Bedfordshire Police have said they know there’s “much more to do” as Office of National Statistics (ONS) figures show knife crime has seen a sudden rise in the county.

The stats, released last week (22 July), show a 47% increase in the number of reported crimes involving a knife for the first three months of this year when compared to the same period in 2020.

The crimes reported as having involved a ‘knife or sharp instrument’ include attempted murder, threats to kill, assault, rape and robbery.

There were 115 reported from January to March 2020, compared to 169 from January to March 2021.

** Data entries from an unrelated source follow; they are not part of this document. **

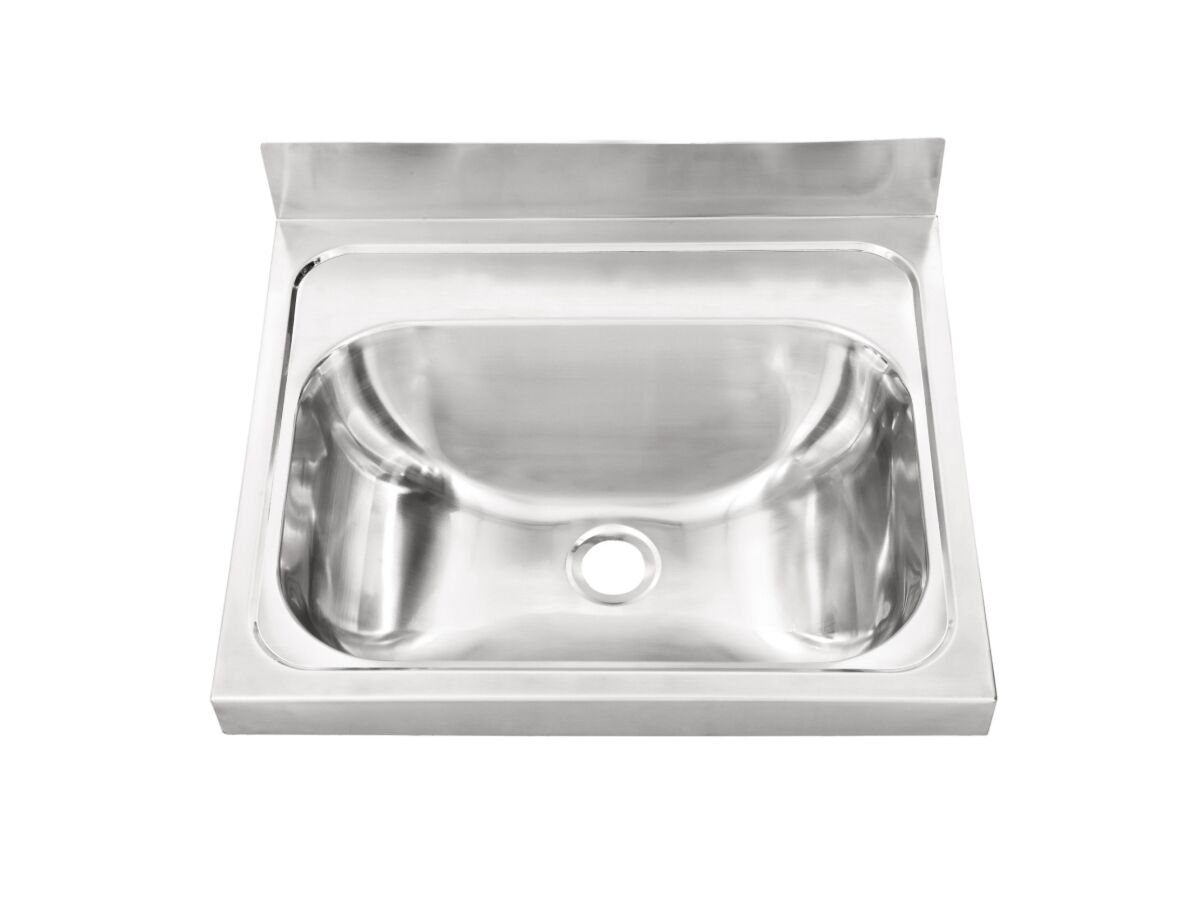reece Wolfen Wall Hand Basin Stainless Steel 500x420mm No Taphole (Less Wall Bracket)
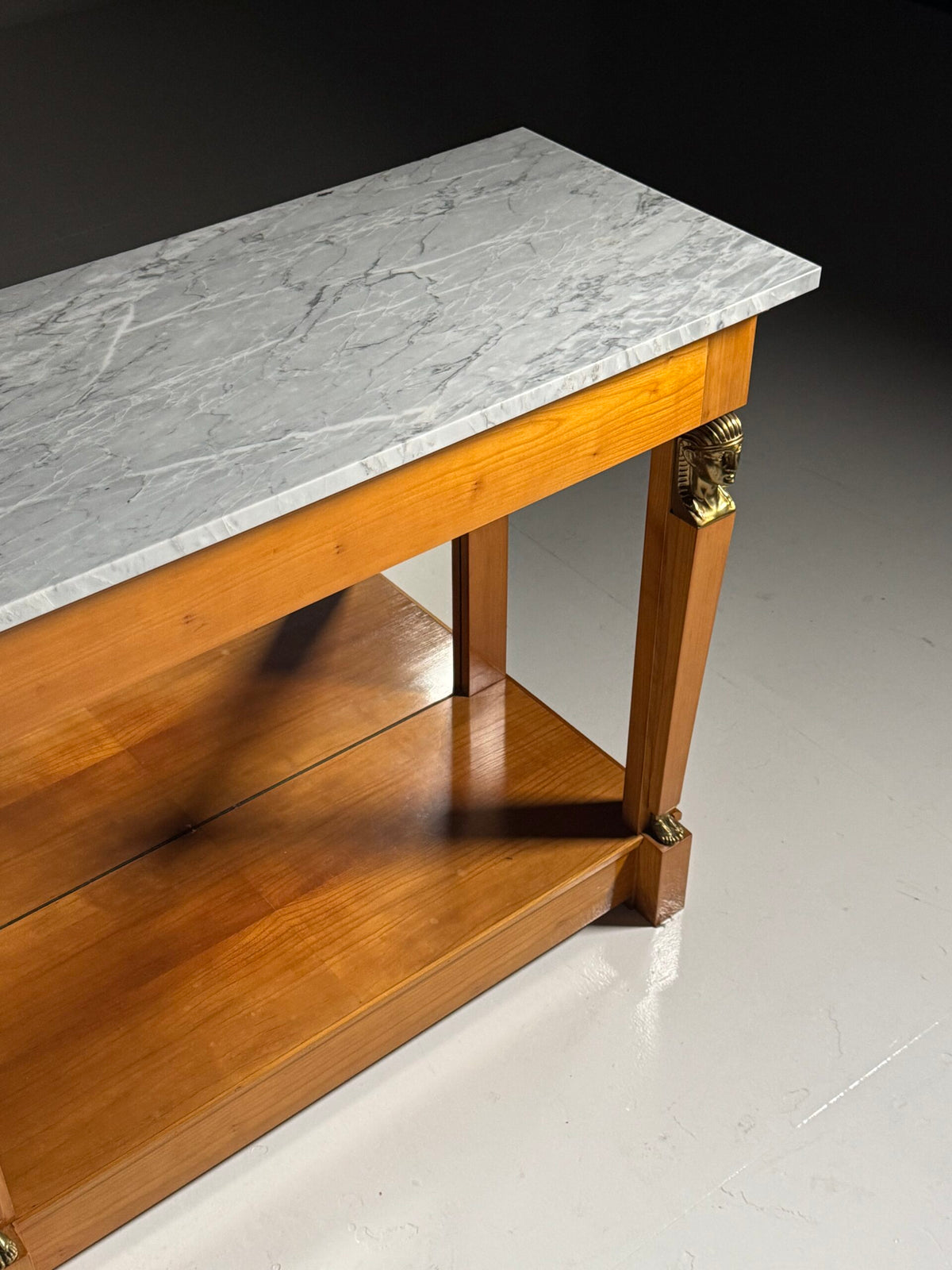 Empire Style Console Table with Marble Top and Sphinx Mounts, photo 11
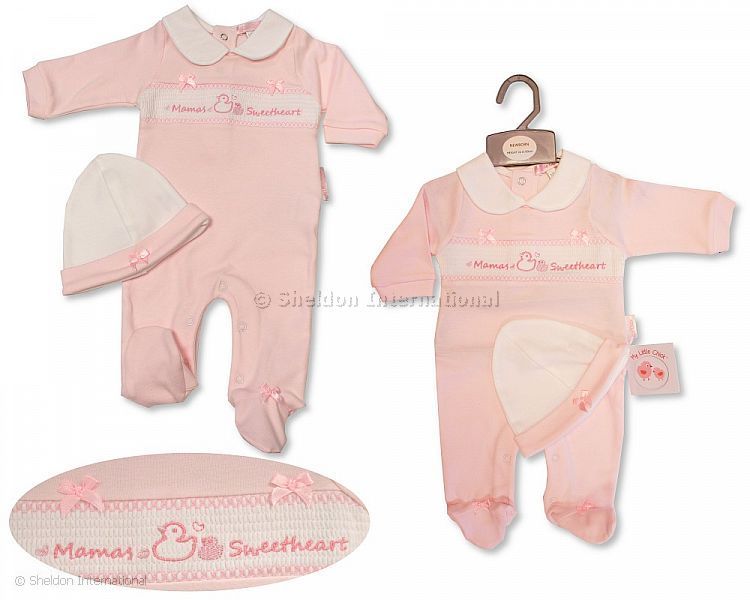 Baby Girls All In One With Hat - Mama'S Sweetheart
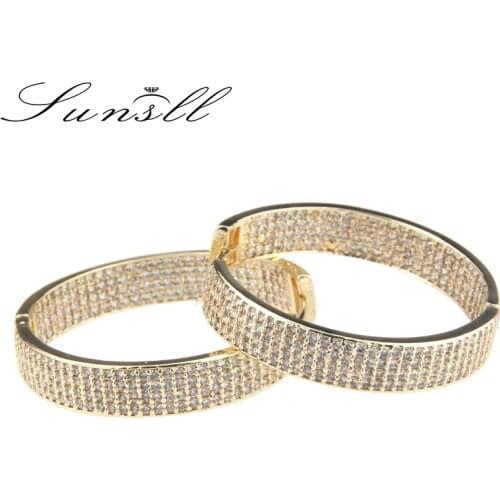 SUNSLL2019 new wave personality wild exaggerated zircon copper needle earrings fashion simple earrings women round big earrings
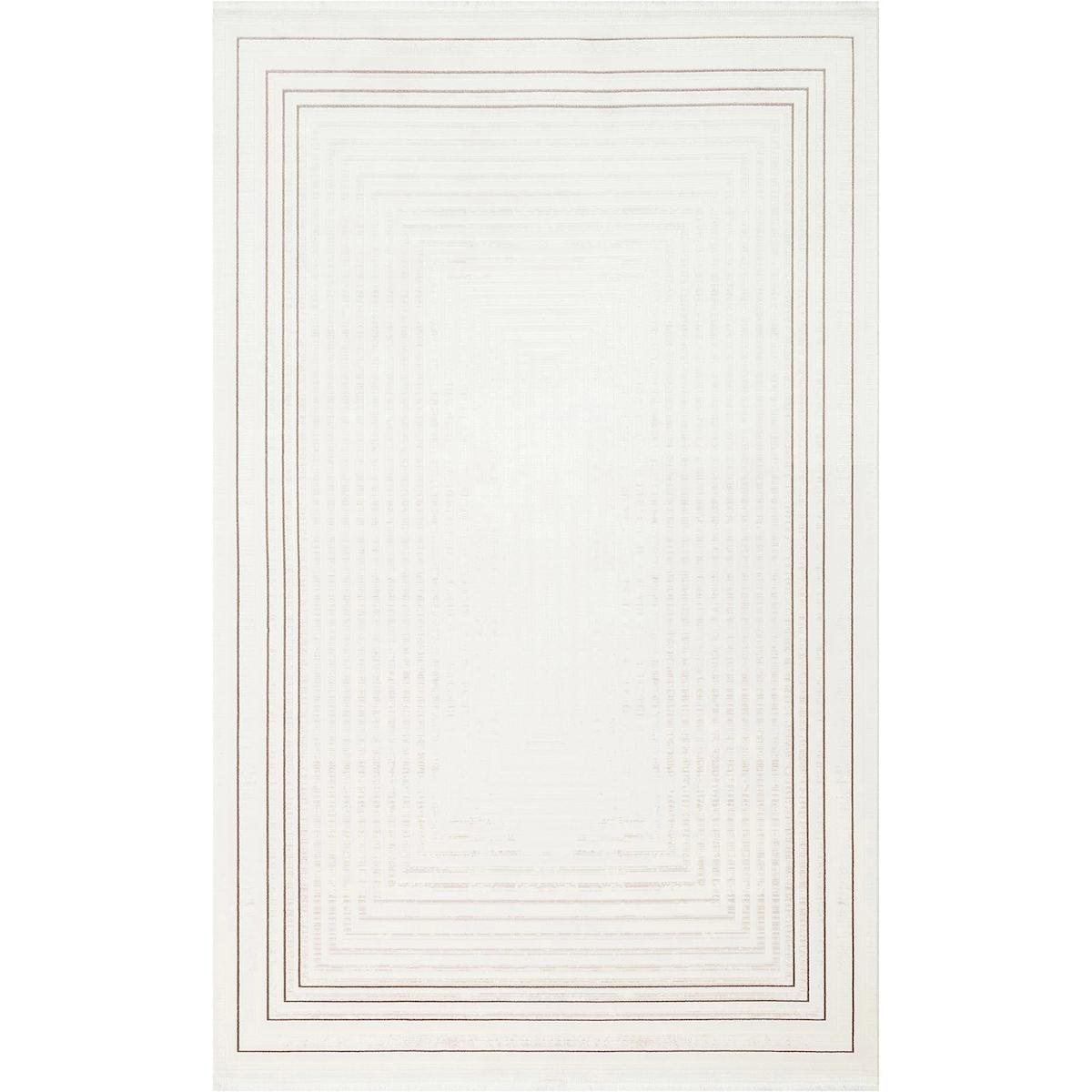Eko Halı Lykia LYK04 Krem 6-12 mm Akrilik-Polyester Silinebilir Yıkanabilir Orta Kaymaz Dikdörtgen Makine Dokuma Salon Halısı 80x150 cm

“We still have so much more to do and are continuing to encourage our local communities to report any such criminality to us as this helps us to build a better picture of the hotspot areas we need to target,” said Bedfordshire Police’s Assistant Chief Constable Sharn Basra.

Bedfordshire Police not to blame

But Labour MP for Bedford and Kempston, Mohammed Yasin, said that Bedfordshire Police are not to blame.

“It is extremely concerning to see this rise in violent knife crime within Bedfordshire and it is clear where the blame lies.

“The Conservatives have cut our Police numbers since 2010 and cut funding for services that prevent crime from happening. Any investment recently has just been catching up on officers previously lost.”

Recently elected Conservative PCC, Festus Akinbusoye, says, however, money is coming in that will boost our local force’s efforts in tackling knife crime.

“I welcome the £2.6m government investment in our Violence and Exploitation Reduction Unit over three years, as well as the recent £7.2m to fund our police operations to take dangerous weapons and gangs off our streets,” he said.

Looking at the ONS stats more deeply, however, knife crime has been dropping in the county.

When looking at ONS stats over a longer period, comparing April 2019 to March 2020 and April 2020 to March 2021, there has in fact been a 10% drop in knife crime.

Specialist patrols

The Assistant Chief Constable highlights the force’s proactive work, including working with schools and partners, which may be a reason behind this longer-term drop in knife-related crime.

They have also increased their “weeks of action” under Operation Sceptre to remove weapons from our streets and educate those who carry knives.

However, he added that they must also tackle the root cause of knife crime by targeting organised crime too.

“We run specialist patrols to tackle knife crime and the drivers of serious violence such as drug dealing and gang activity,” he said.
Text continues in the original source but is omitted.